▶ _WORK TO BE COMPLETED_:
All records are to be restated word for word, with pictures excluded.

▶ _INPUT MATERIAL_:
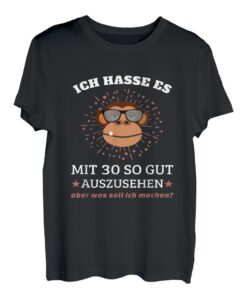 Ich hasse es mit 30 so gut aussehen.Geschenk 30. Geburtstag T-Shirt
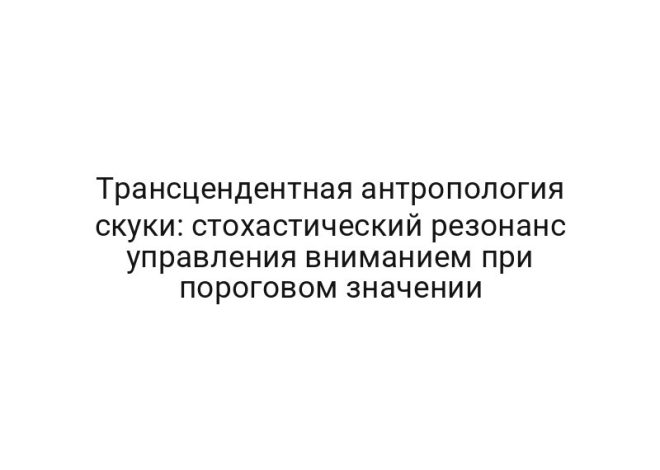 Трансцендентная антропология скуки: стохастический резонанс управления вниманием при пороговом значении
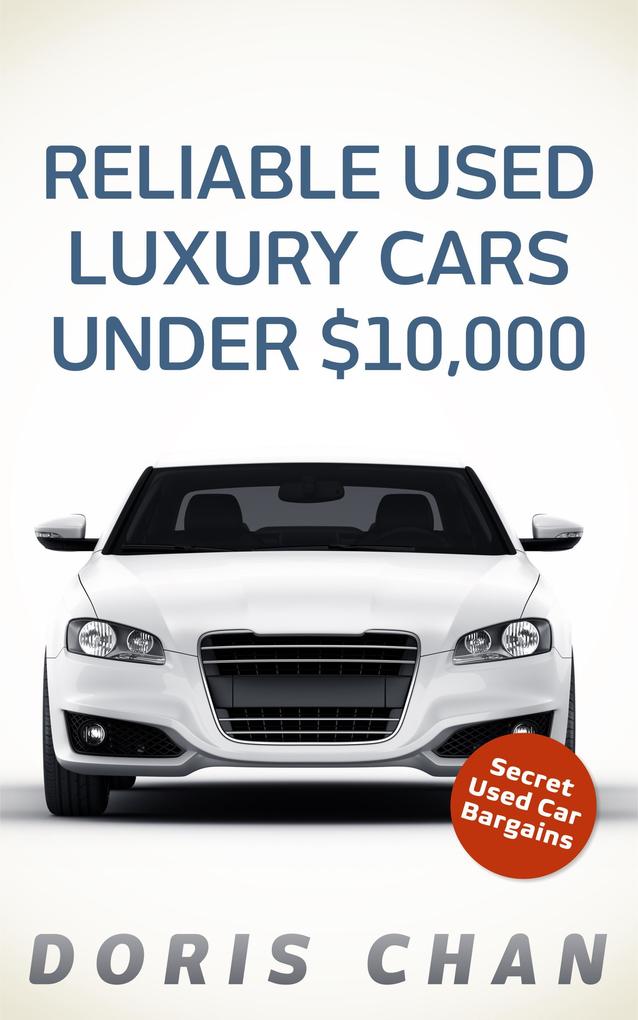 Reliable Used Luxury Cars Under $10000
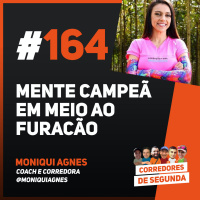 164 - Mente campeã em meio ao furacão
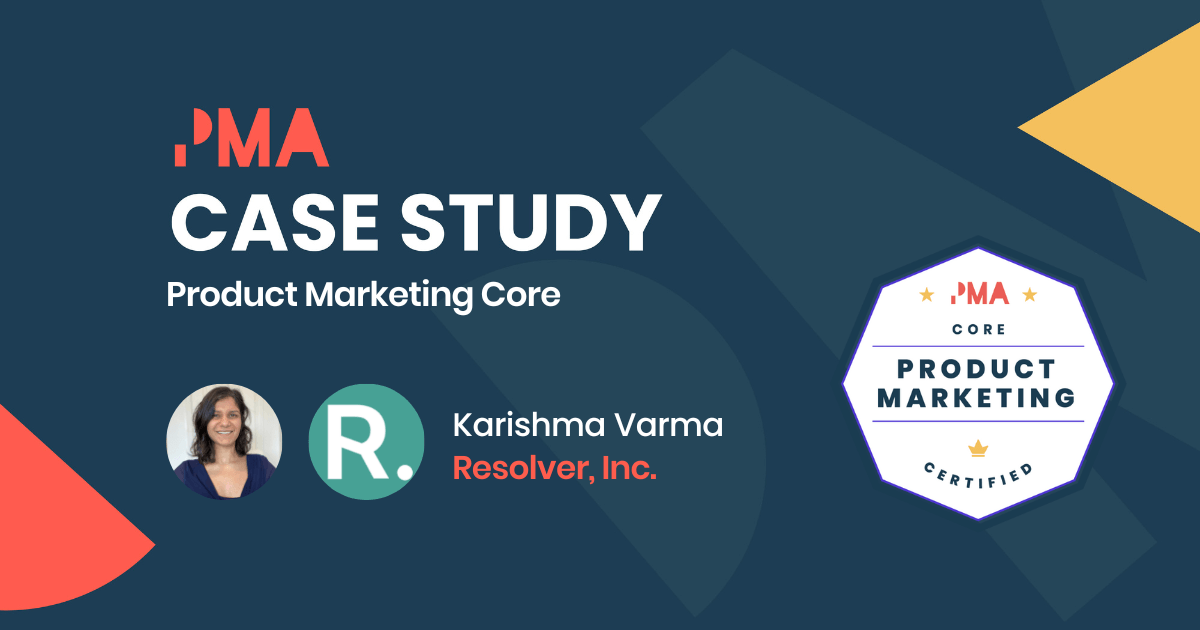 “The course empowered me to position myself as a knowledgeable product marketer.” - Resolver, Inc.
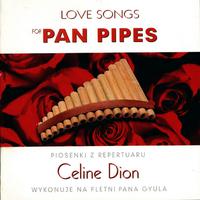 Love Songs for Pan Pipe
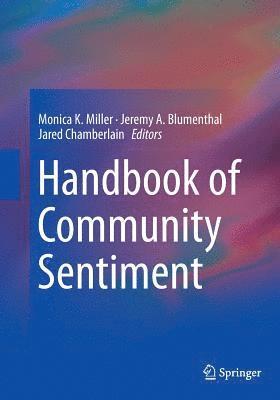 Monica K. Miller, Jeremy A. Blumenthal, Jared Chamberlain - Handbook of Community Sentiment, Häftad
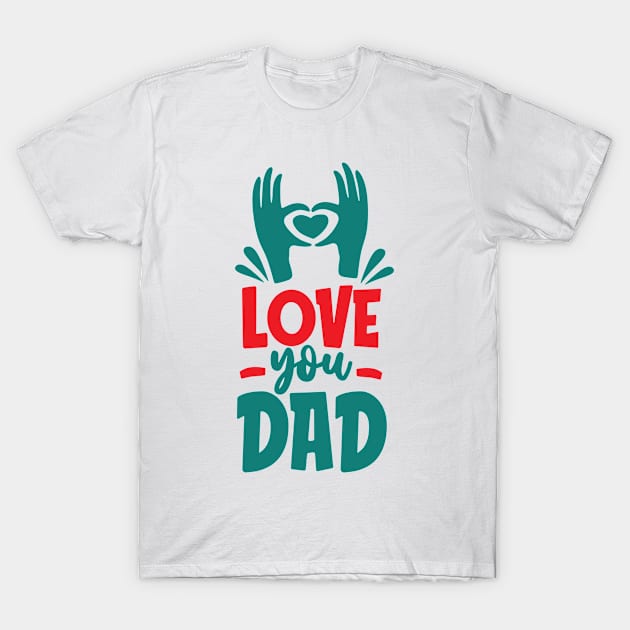 love you dad T-Shirt by peace and love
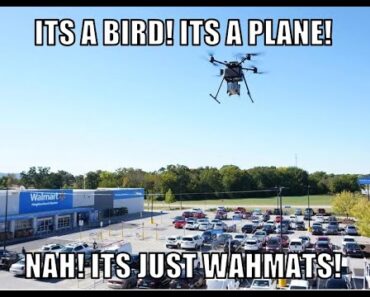 WALMART WILL DROP YOUR GROCERIES OFF TO YOU VIA DRONE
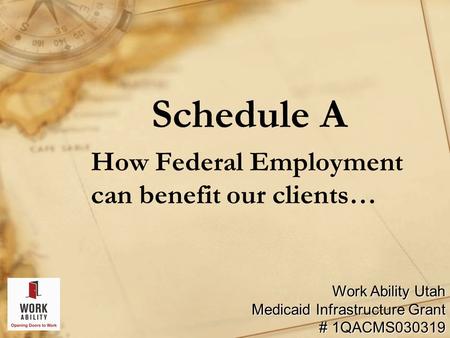 Schedule A How Federal Employment can benefit our clients… Work Ability Utah Medicaid Infrastructure Grant # 1QACMS030319.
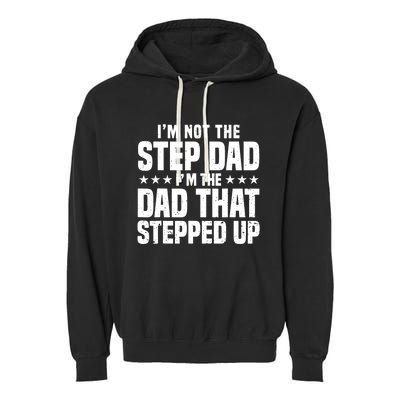 Cool Step Up Dad For Father World's Best Stepdad Ever Garment-Dyed Fleece Hoodie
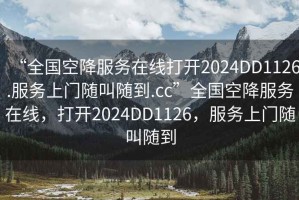 “全國空降服務(wù)在線(xiàn)打開(kāi)2024DD1126.服務(wù)上門(mén)隨叫隨到.cc”全國空降服務(wù)在線(xiàn)，打開(kāi)2024DD1126，服務(wù)上門(mén)隨叫隨到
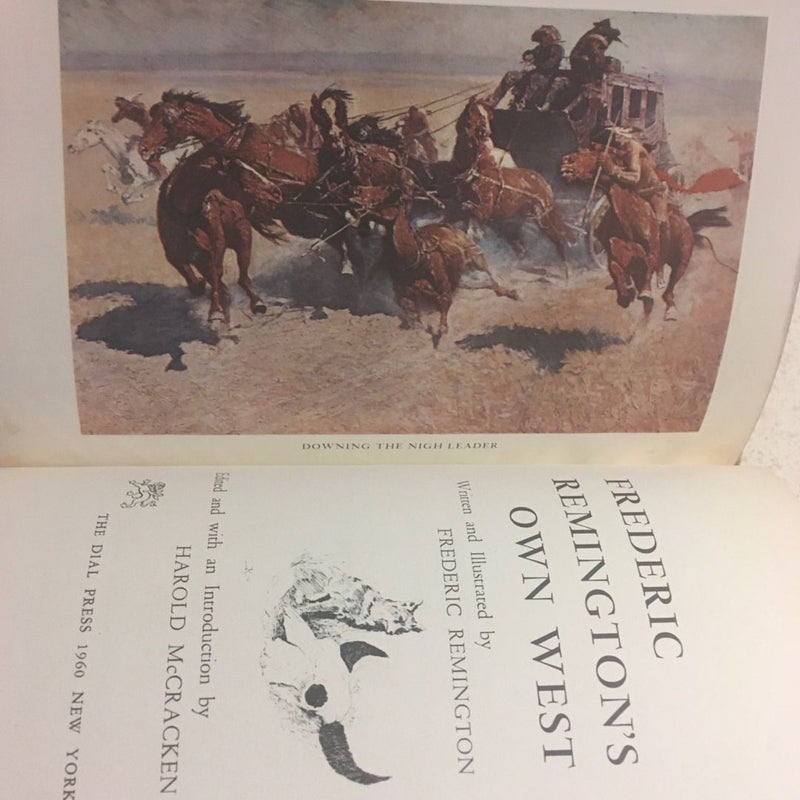 Frederic Remington's Own West ~ 1960 First Edition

▶ _WRITTEN ANSWER_:
 Ich hasse es mit 30 so gut aussehen.Geschenk 30. Geburtstag T-Shirt
 Трансцендентная антропология скуки: стохастический резонанс управления вниманием при пороговом значении
 Reliable Used Luxury Cars Under $10000
 164 - Mente campeã em meio ao furacão
 “The course empowered me to position myself as a knowledgeable product marketer.” - Resolver, Inc.
 Love Songs for Pan Pipe
 Monica K. Miller, Jeremy A. Blumenthal, Jared Chamberlain - Handbook of Community Sentiment, Häftad
 love you dad T-Shirt by peace and love
 WALMART WILL DROP YOUR GROCERIES OFF TO YOU VIA DRONE
 Schedule A How Federal Employment can benefit our clients… Work Ability Utah Medicaid Infrastructure Grant # 1QACMS030319.
 Cool Step Up Dad For Father World's Best Stepdad Ever Garment-Dyed Fleece Hoodie
 “全國空降服務(wù)在線(xiàn)打開(kāi)2024DD1126.服務(wù)上門(mén)隨叫隨到.cc”全國空降服務(wù)在線(xiàn)，打開(kāi)2024DD1126，服務(wù)上門(mén)隨叫隨到
 Frederic Remington's Own West ~ 1960 First Edition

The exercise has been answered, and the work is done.